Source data
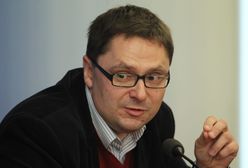 Tomasz Terlikowski krytykuje TK w kwestii aborcji. "I to by było na tyle"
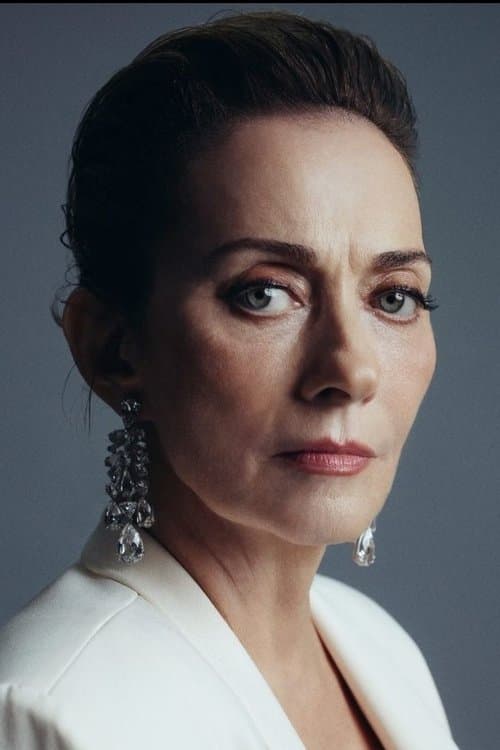 Photo of Itır Esen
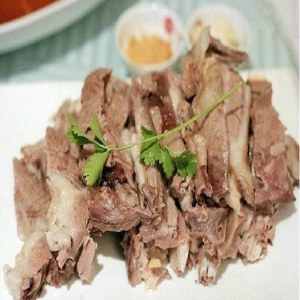 羊肉品牌榜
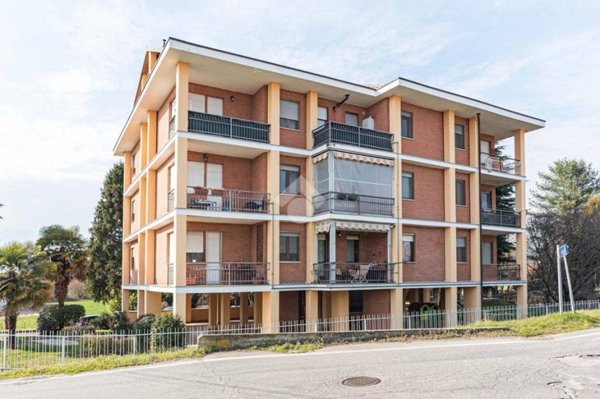 appartamento in vendita a Ciriè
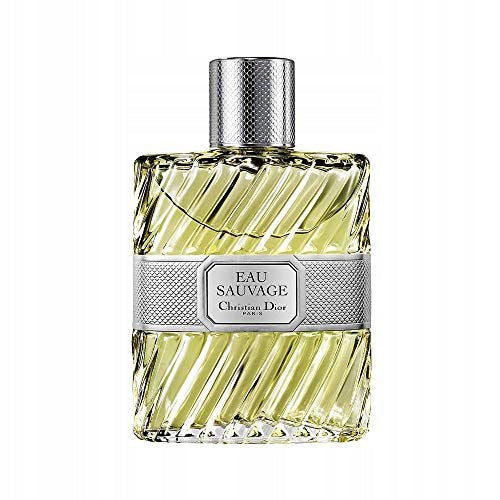 Dior (Christian Dior ) Eau Sauvage EDT M 200 ml Brand Dior
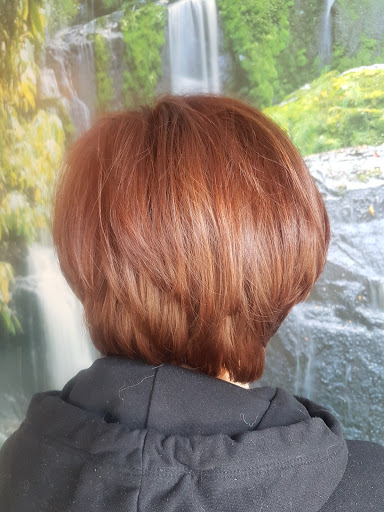 Salon Fryzjerski Stylizacja Fryzur B&L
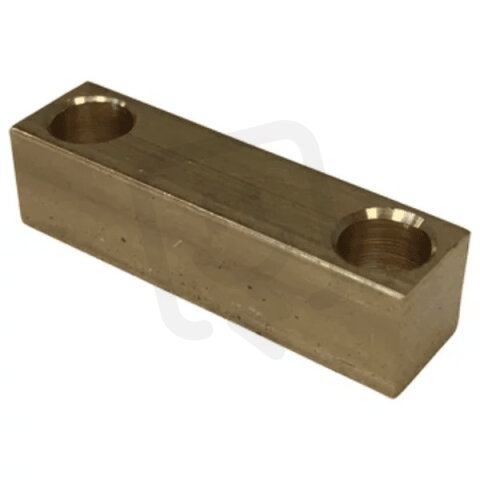 Konektor 70 pro zemnící sběrnici EB130 ERICO EB130CON70
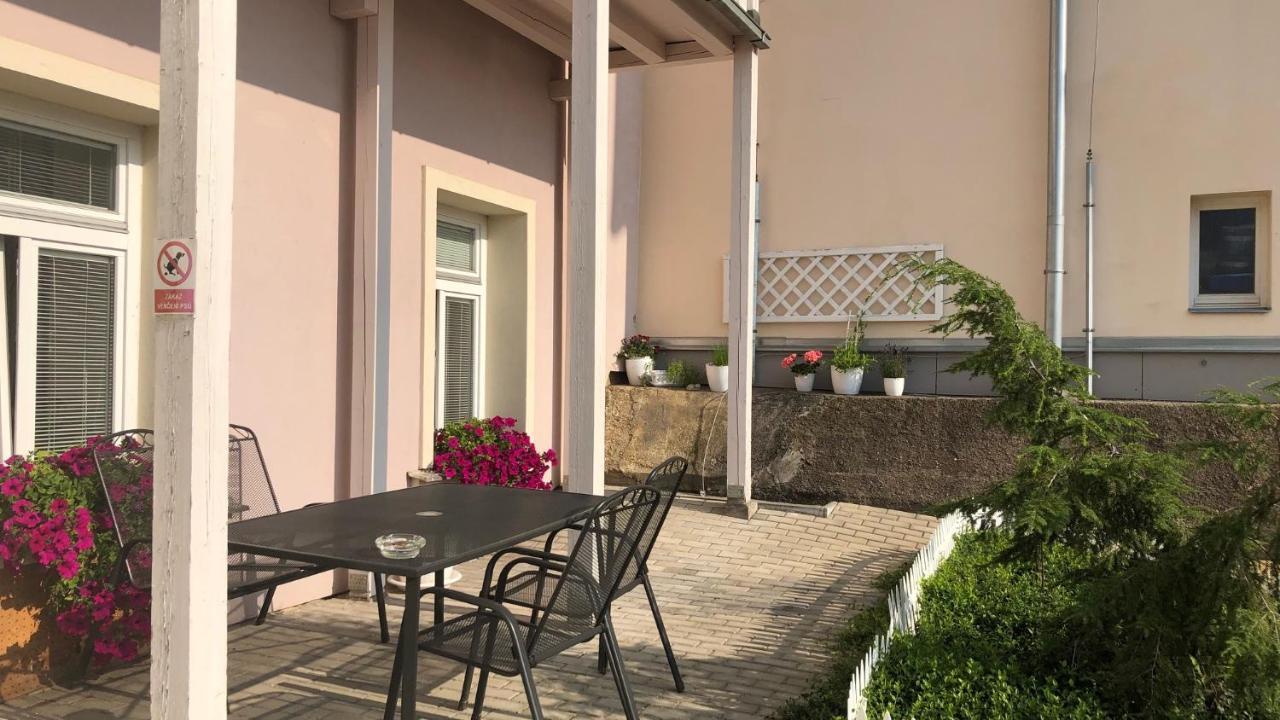Apartmany Na Sumave Kasperske Hory Zewnętrze zdjęcie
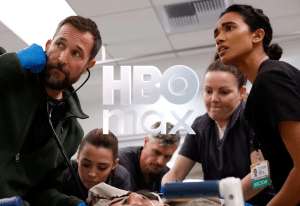 HBO Max’s Best Show of 2025 Finally Returns & Immediately Dethrones Heated Rivalry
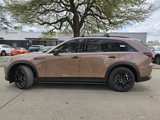 New 2025 MAZDA CX-70 3.3 Turbo w/ Premium Plus Pkg image 2
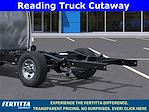 2025 Chevrolet Express 3500 Regular Cab RWD Cutaway for sale #SN004098 - photo 11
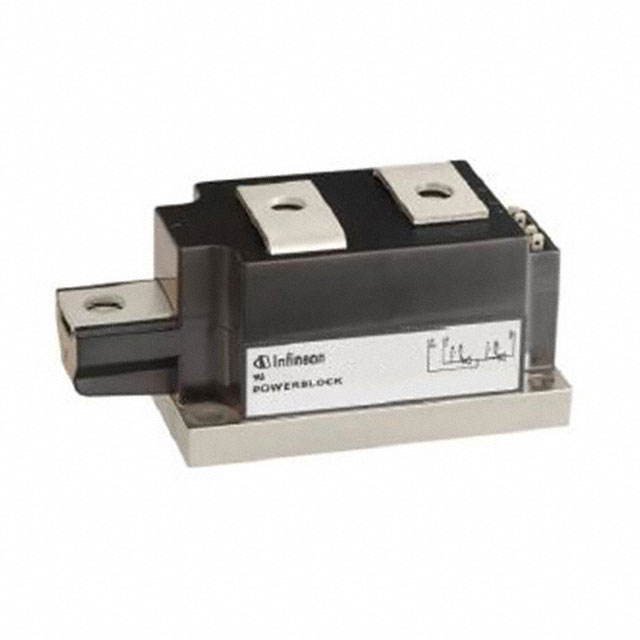 TD250N16KOFHPSA1 TD250N16KOFHPSA1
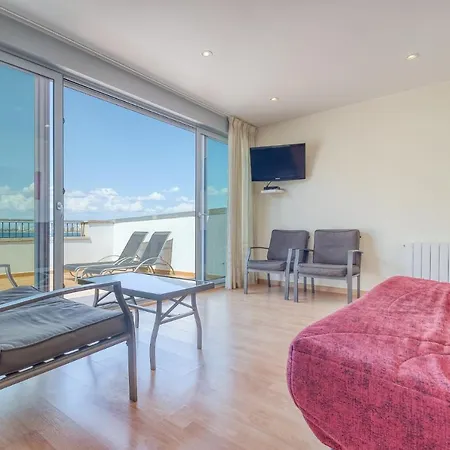 Apartment Gregal Atico - Immo Barneda *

**Your goal:** Give back all of the data exactly, but not the pictures.

**Task answer:**
 Tomasz Terlikowski krytykuje TK w kwestii aborcji. "I to by było na tyle"
 Photo of Itır Esen
 羊肉品牌榜
 appartamento in vendita a Ciriè
 Dior (Christian Dior ) Eau Sauvage EDT M 200 ml Brand Dior
 Salon Fryzjerski Stylizacja Fryzur B&L
 Konektor 70 pro zemnící sběrnici EB130 ERICO EB130CON70
Apartmany Na Sumave Kasperske Hory Zewnętrze zdjęcie
 HBO Max’s Best Show of 2025 Finally Returns & Immediately Dethrones Heated Rivalry
 New 2025 MAZDA CX-70 3.3 Turbo w/ Premium Plus Pkg image 2
 2025 Chevrolet Express 3500 Regular Cab RWD Cutaway for sale #SN004098 - photo 11
 TD250N16KOFHPSA1 TD250N16KOFHPSA1
 Apartment Gregal Atico - Immo Barneda *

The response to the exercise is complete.